--- Input data Enclosed Below ---
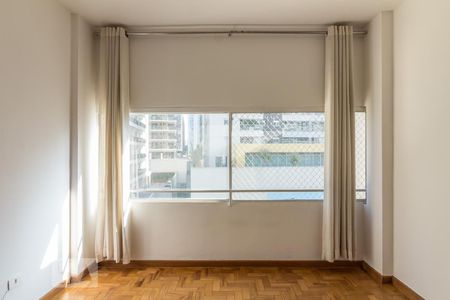 Sala de apartamento à venda com 1 quarto, 54m² em Consolação, São Paulo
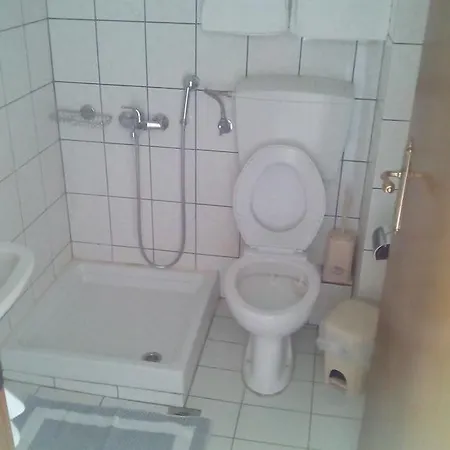 Aparthotel Thomi Skala Rachoni (Thasos)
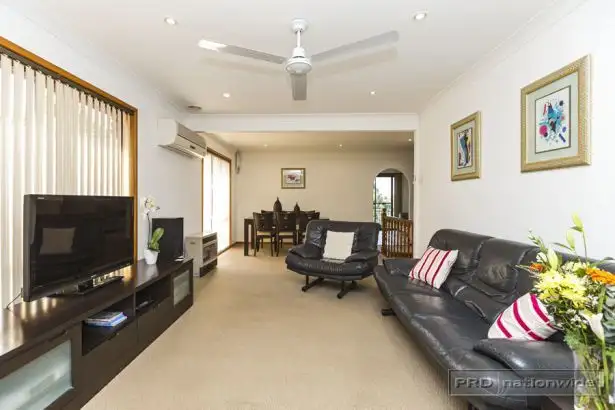 Second view of Homely house listing, 61 Marlin Ave, Floraville NSW 2280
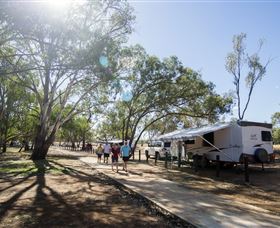 Nindigully QLD Accommodation Newcastle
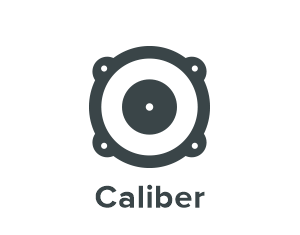 Caliber Autospeaker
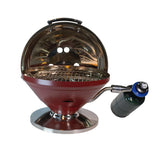 Magma C10105R Ruby Beach Fire Gas Grill - image 3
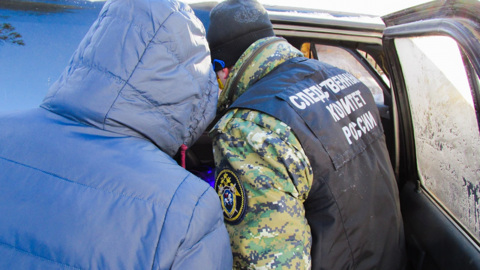 Утопивших своего знакомого мужчин осудили в Тверской области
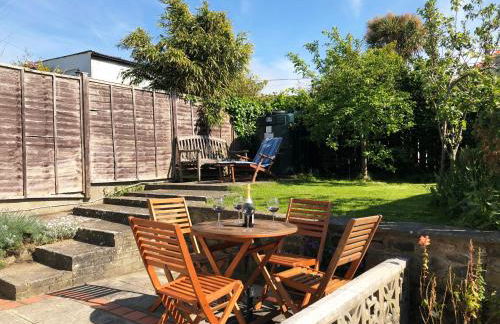 White Lion Aberporth - Foto 11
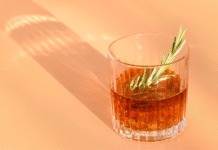 The Women of Whiskey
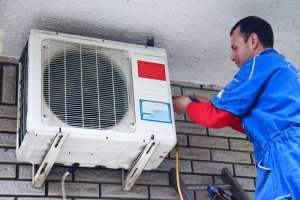 24/7 and Emergency HVAC Near Travelers Rst, SC | Air Conidtioning and Heating Contractors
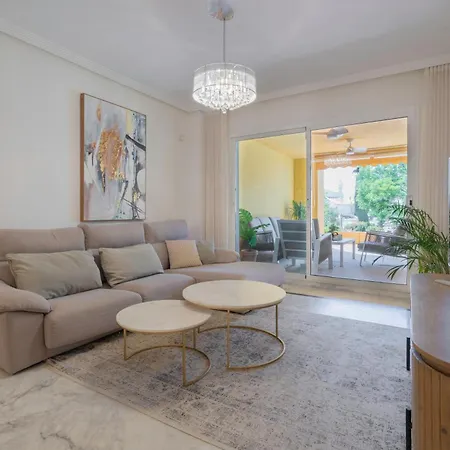 Bahia De - Luxury Apartment *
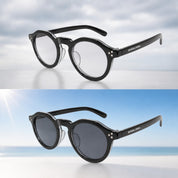 MLGLS-02　MICHAEL LINNELL Photochromic Sunglasses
--- End of Enclosed Input data ---
Would you repeat the listing word for word and skip every picture?

 Sala de apartamento à venda com 1 quarto, 54m² em Consolação, São Paulo
 Aparthotel Thomi Skala Rachoni (Thasos)
 Second view of Homely house listing, 61 Marlin Ave, Floraville NSW 2280
 Nindigully QLD Accommodation Newcastle
 Caliber Autospeaker
 Magma C10105R Ruby Beach Fire Gas Grill - image 3
 Утопивших своего знакомого мужчин осудили в Тверской области
 White Lion Aberporth - Foto 11
 The Women of Whiskey
 24/7 and Emergency HVAC Near Travelers Rst, SC | Air Conidtioning and Heating Contractors
 Bahia De - Luxury Apartment *
 MLGLS-02　MICHAEL LINNELL Photochromic Sunglasses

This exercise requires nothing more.